Diversity calculations and statistics
To test whether simulated samples derived from the same source sample were more similar than those derived from different source samples (the small effect), per-environment OTU tables (saliva and restroom floor) were created using split_otu_table.py. ANOSIM was computed using compare_categories.py to compare the distribution of distances between samples with the same source to the distribution of samples with a different source. Six distance matrix calculations were created for both FTSCs and GTSCs using the appropriate simulated mapping file with 999 permutations: Jaccard, Bray-Curtis, unweighted UniFrac with FastTree, weighted UniFrac with FastTree, unweighted UniFrac with ghost-tree, and weighted UniFrac with ghost-tree. The Jaccard distance is a qualitative non-phylogenetic diversity metric where no tree is required. The Bray-Curtis distance is a quantitative, non-phylogenetic diversity metric where no tree is required. The weighted UniFrac metric includes information on the abundance of various taxa in addition to the phylogenetic tree, while the unweighted UniFrac only includes the phylogenetic information (for details see ). The unweighted and weighted FastTree distances are calculated with a phylogenetic tree based on a FastTree phylogenetic analysis of only the ITS data aligned using MUSCLE.

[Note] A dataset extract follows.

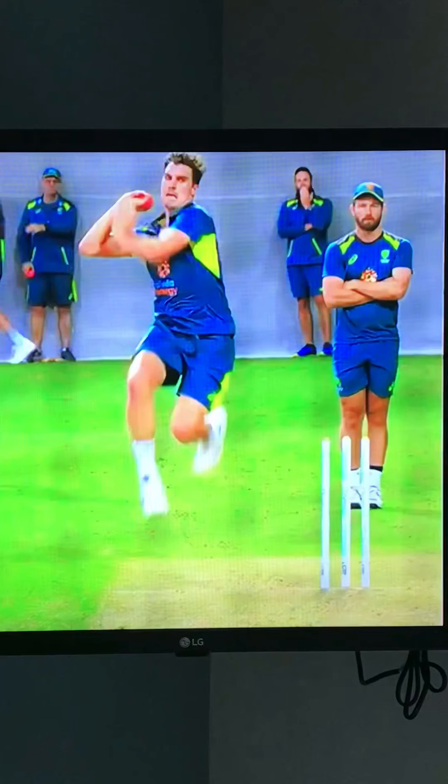Hi guys, it's Brad Donlon here from Pro Cricket Academy's Head Coach. Just got up some footage of Pat Cummins and we're going to analyse his action. He's one of the best fast bowlers in the world at present, played in the IPL and opens the bowling for Australia and has got some great stats. Let's have a look at why he's so consistent.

To test whether samples could be differentiated by their environment type (restroom or saliva, the large effect), ANOSIM was computed using compare_categories.py on each of the six distance matrices for the simulated and real BIOM tables using the appropriate (either simulated or unsimulated) mapping file, with 999 permutations. This analysis was performed for simulated and unsimulated sample sets.

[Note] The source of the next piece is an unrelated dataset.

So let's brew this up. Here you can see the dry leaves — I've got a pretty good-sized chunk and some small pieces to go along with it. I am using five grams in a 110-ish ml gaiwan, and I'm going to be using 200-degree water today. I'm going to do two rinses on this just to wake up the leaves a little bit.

ghost-tree is hosted on GitHub under the BSD open source software license. It is implemented in Python, using scikit-bio (www.scikit-bio.org) and Click (http://click.pocoo.org/), and adheres to the PEP8 Python style guide. ghost-tree is subject to continuous integration testing using Travis CI which, on each pull request, runs unit tests with nose, monitors code style using flake8, and monitors test coverage with coveralls.
Results and discussion
To evaluate whether ghost-tree supports improved sample resolution in studies of fungal community analysis, we evaluated its ability to detect small and large effect sizes. We analyzed two real-world (referred to in the tables and figures as unsimulated/real) ITS sequence data sets: one a collection of human saliva samples and one of surfaces in public restrooms. The communities in human saliva and on restroom surfaces were expected to differ substantially from one another, and we further expected that any of the metrics should be able to detect these differences. This was, therefore, considered the “large effect size” data set.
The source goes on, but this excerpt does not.